Son groupe, Quinta Industries (présent en production et distribution, il s’est notamment distingué en France en distribuant la très controversée Passion du Christ de Mel Gibson), possède ainsi toute l’activité du tirage de copies de films en France. Quel est donc le problème pour que ce monopole déclenche une telle vague d’inquiétude chez les producteurs, distributeurs et cinéastes, et leur fasse redouter un appauvrissement sévère de la création ?

Avant ce rachat, Eclair et LTC, le laboratoire de Quinta, se livraient une concurrence acharnée, qui profitait aux producteurs (ceux qui paient la pel­licule) et aux distributeurs (ceux qui paient le tirage des copies). Les prix, en baisse, étaient le plus souvent négociés par « volants d’affaires » : un laboratoire accepte de prendre en charge pour pas cher un petit film, ou un court métrage, car son client lui promet plusieurs contrats sur les œuvres à venir.

Faute de concurrence, ces négociations vont évidemment voler en éclats, et Quinta peut être tenté de gonfler ses prix. Concrètement, les dis­tributeurs qui commandent moins de cinquante copies d’un film risquent de ne pas pouvoir obtenir de tarifs accessibles. Et s’ils ne sont pas distribués, ces films ne seront bientôt plus produits... Or, chaque année, près de la moitié des quelque deux cents films français sortent avec moins de cinquante copies !

Voilà pour la menace directe, déjà considérable. Mais audelà du tirage de copies, Quinta est aussi très présent dans toute la post-production. Vu le parcours de Tarak Ben Ammar, qui a travaillé notamment avec les magnats des médias Rupert Murdoch et Silvio Berlusconi, « on redoute qu’il ne cherche à étendre son monopole », explique Juliette Prissard-Eltejaye, déléguée générale du SPI (Syndicat des producteurs indépendants). Notamment en faisant pression sur ses clients afin que ces derniers lui confient en prime l’étalon­nage, le mixage ou les effets spéciaux de leurs films.

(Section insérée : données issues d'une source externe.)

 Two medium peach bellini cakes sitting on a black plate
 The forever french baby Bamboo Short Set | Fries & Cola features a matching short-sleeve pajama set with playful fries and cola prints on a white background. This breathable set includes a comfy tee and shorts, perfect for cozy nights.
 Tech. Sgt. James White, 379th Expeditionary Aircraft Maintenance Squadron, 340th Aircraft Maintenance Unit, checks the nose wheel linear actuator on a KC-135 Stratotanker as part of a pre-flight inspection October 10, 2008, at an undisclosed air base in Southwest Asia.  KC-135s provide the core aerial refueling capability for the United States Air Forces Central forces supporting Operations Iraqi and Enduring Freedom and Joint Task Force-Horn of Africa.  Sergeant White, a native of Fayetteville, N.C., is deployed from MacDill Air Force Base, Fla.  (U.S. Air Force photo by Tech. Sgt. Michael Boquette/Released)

Pour les associations de professionnels, à moyen terme, c’est tout le système d’aides publiques au cinéma qui est menacé. En effet, les subventions de l’Etat sont accordées à la condition que producteurs et distributeurs choisissent des prestataires de services français. « Une subvention qui contribue à entretenir un monopole risque d’être rapidement remise en cause », observe Michel Gomez, qui représente l’ARP (société civile des Auteurs-réalisateurs-producteurs). Si Quinta demeure le seul fournisseur français, les aides publiques survivront-elles ?

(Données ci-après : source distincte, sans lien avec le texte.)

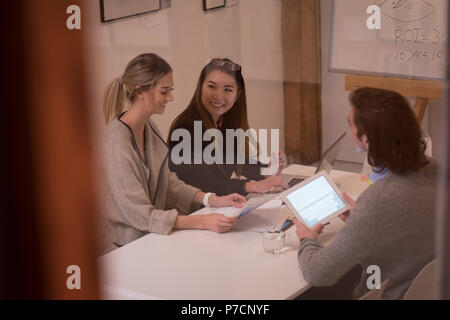 Business colleagues having discussion in meeting Stock Photo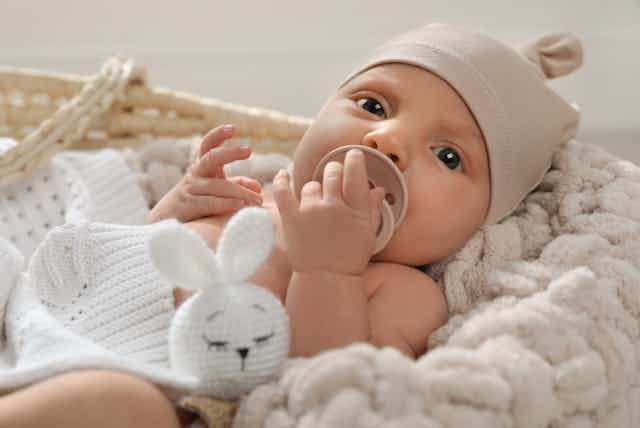 A blue-eyed infant wearing a beige cap and holding a pacifier looks at the camera.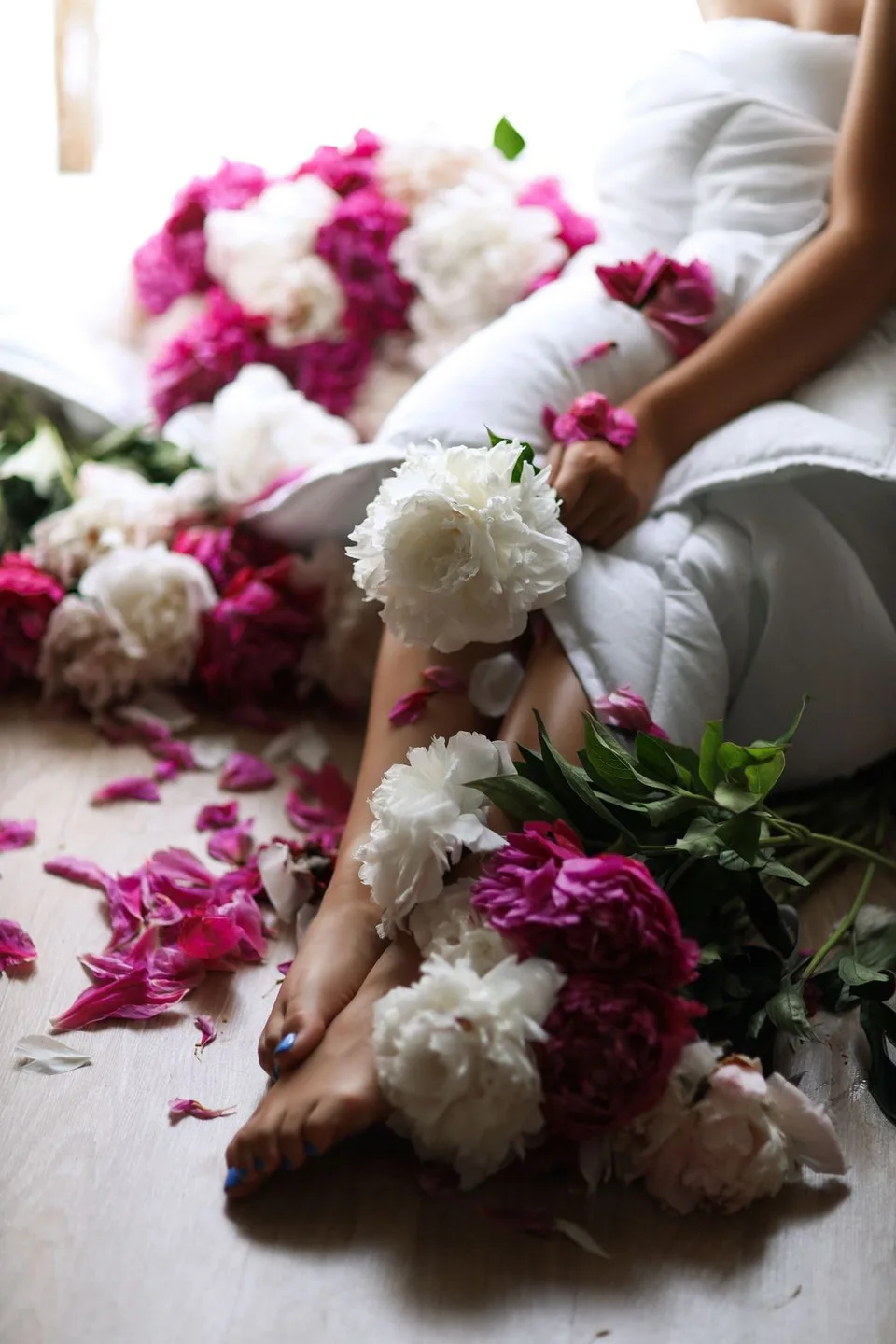 Artistic still life with scattered pink and white peonies around white fabric.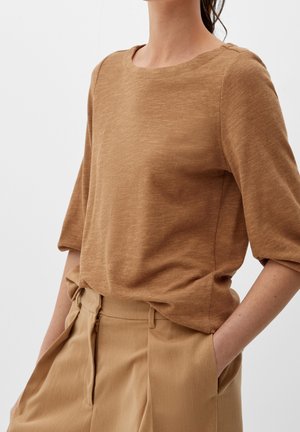 Vrouw die een lichtbruine driekwart mouw blouse draagt, ingestopt in beige broek met hoge taille, handen in de zakken, tegen een effen achtergrond.
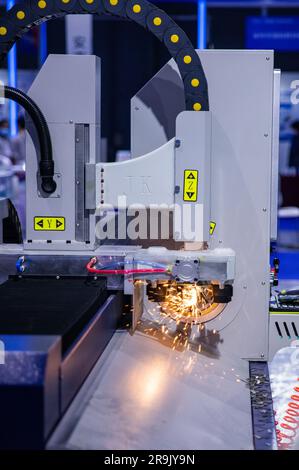 A close-up of a machine cutting metal into small, precise pieces, perfect for industrial projects Stock Photo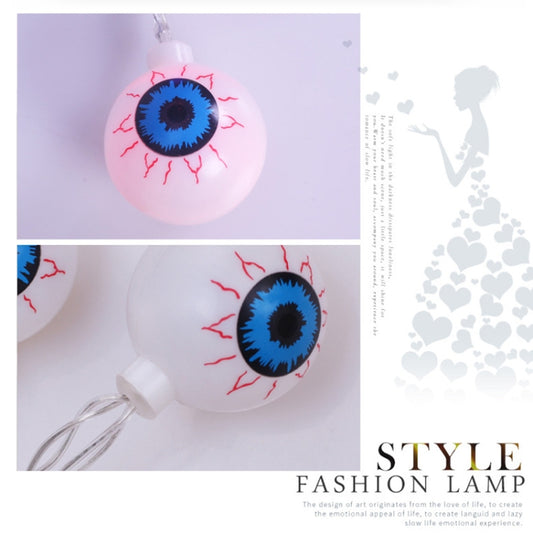 Single eyeball LED lamp bulb with pink face, blue eye, and red lashes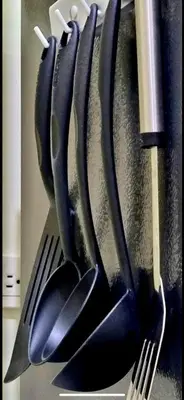 a bunch of utensils hanging on a wall at Field Residence SMDC 1BR w/ Netflix in Manila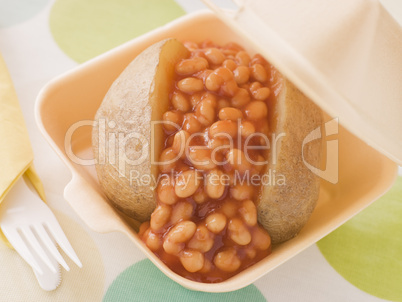 Baked Potato With Baked Beans And Cheese In A Take Away Box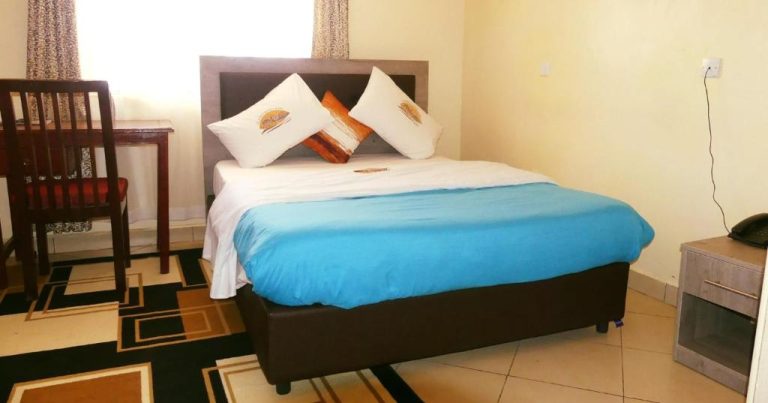 Habitación doble con cama matrimonial y ropa de cama azul en Elboran Resort and Spa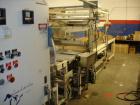 USED: Great Lakes shrink wrap machine, model HVP5/6011/C5 and 1648. Unit comes with infeed conveyor, 2 roll (top and bottom) bundler, shrink tunnel and control panel. Unit is reported capable of runn...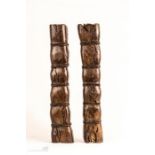 A pair of rosewood scroll weights, 3 by 4½ by 29cm.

Pour l’instant, la ministre de la Culture, Christine Albanel, a prudemment promis de « rencontrer » Tarak Ben Ammar pour parler des « conséquences [de ce rachat] en matière de concentration ». L’Etat peut-il laisser ce secteur tomber entre les mains d’un seul groupe ? A-t-il l’intention d’exiger des garanties susceptibles de protéger le cinéma le plus fragile économiquement ? Son intervention (ou sa passivité) sera un signe fort de l’intérêt (ou de l’indifférence) du gouvernement pour la diversité culturelle française.